> [TASK TO COMPLETE]: Please set down, with no changes, every line of the material below from the one containing "<코>비에이치아이, 매도잔량 543% 급증" through the end. Skip the pictures.

> [DATA EXTRACTS]:
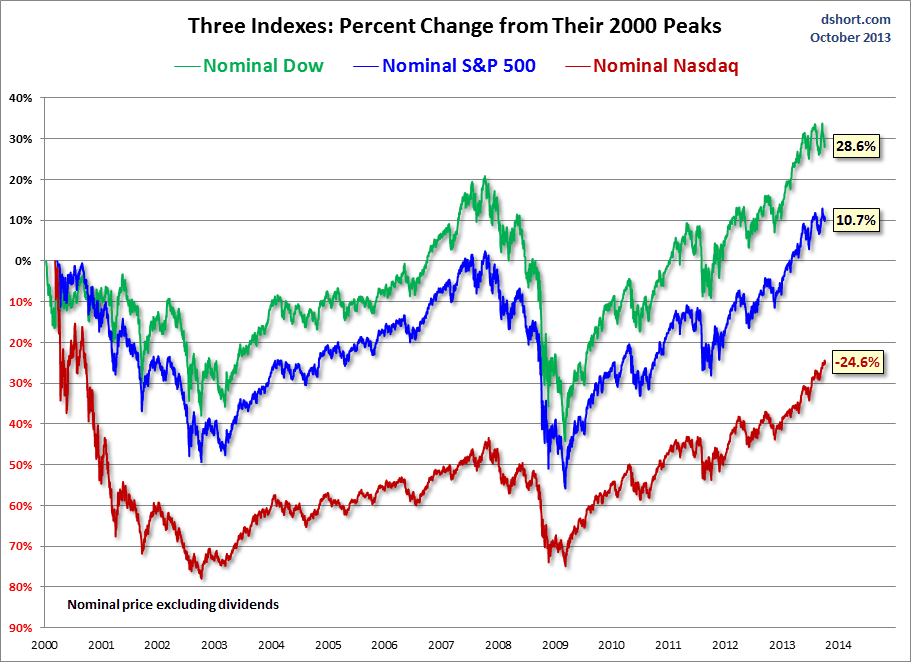 May 30 Stock Market Report: Dow, S&P 500, And Nasdaq May 30 Stock Market Report: Dow, S&P 500, And Nasdaq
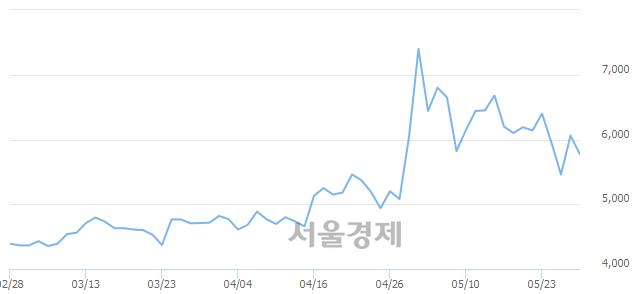 <코>비에이치아이, 매도잔량 543% 급증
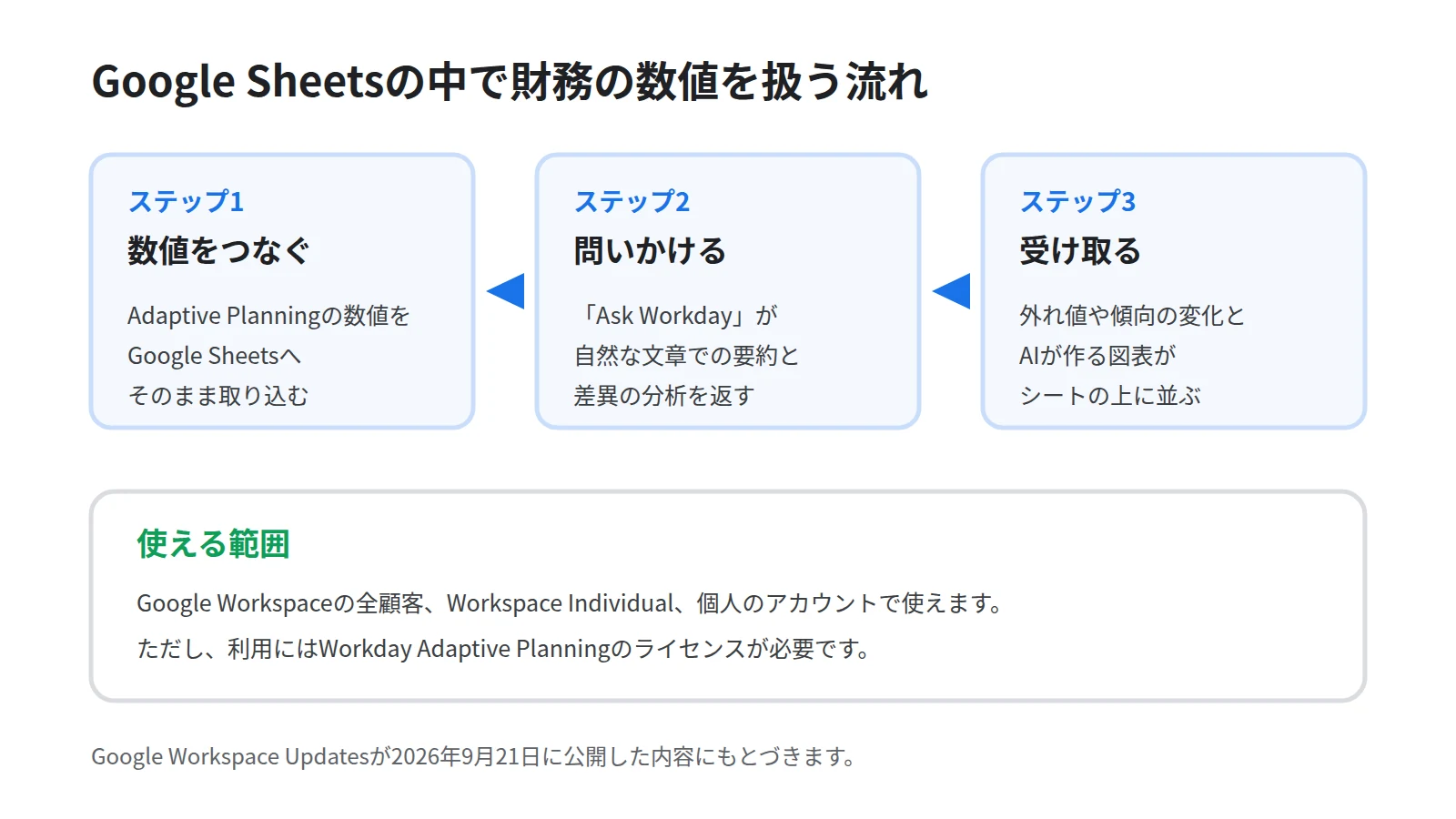Google Sheetsの中で財務の数値を扱う流れを3段で示した図。Adaptive Planningの数値を取り込む、Ask Workdayが要約と差異の分析を返す、異常値の検出と図表がシートに並ぶという順に並べる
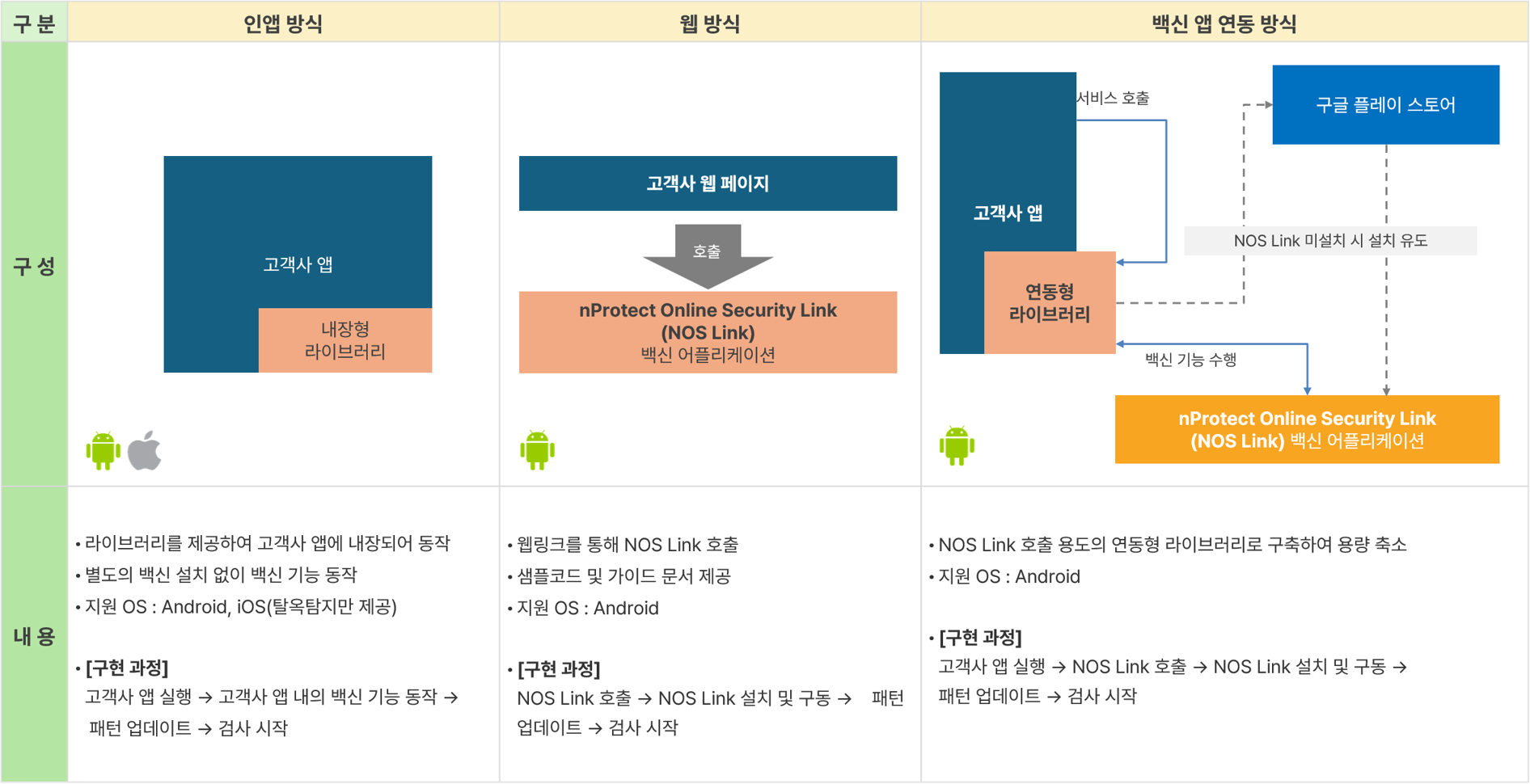 nProtect Mobile AV 다양한 적용 방식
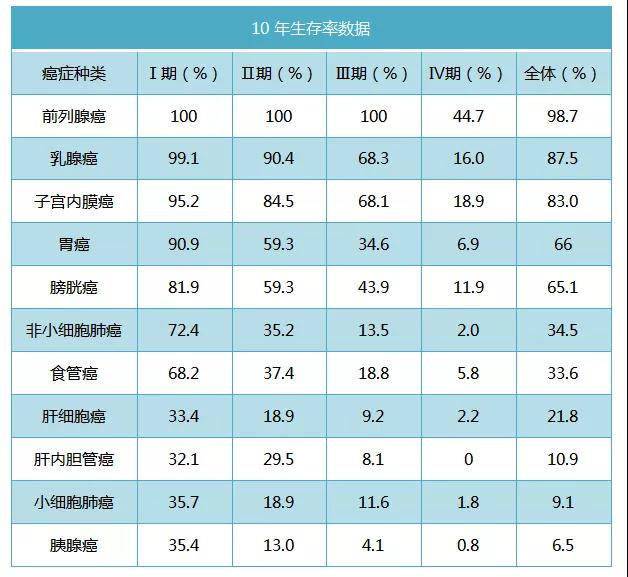 日本癌癥10年生存率數(shù)據(jù)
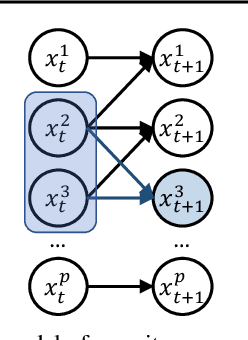 Figure 1 for Model-Invariant State Abstractions for Model-Based Reinforcement Learning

> [WRITTEN RESPONSE]:
 <코>비에이치아이, 매도잔량 543% 급증
Google Sheetsの中で財務の数値を扱う流れを3段で示した図。Adaptive Planningの数値を取り込む、Ask Workdayが要約と差異の分析を返す、異常値の検出と図表がシートに並ぶという順に並べる
 nProtect Mobile AV 다양한 적용 방식
 日本癌癥10年生存率數(shù)據(jù)
 Figure 1 for Model-Invariant State Abstractions for Model-Based Reinforcement Learning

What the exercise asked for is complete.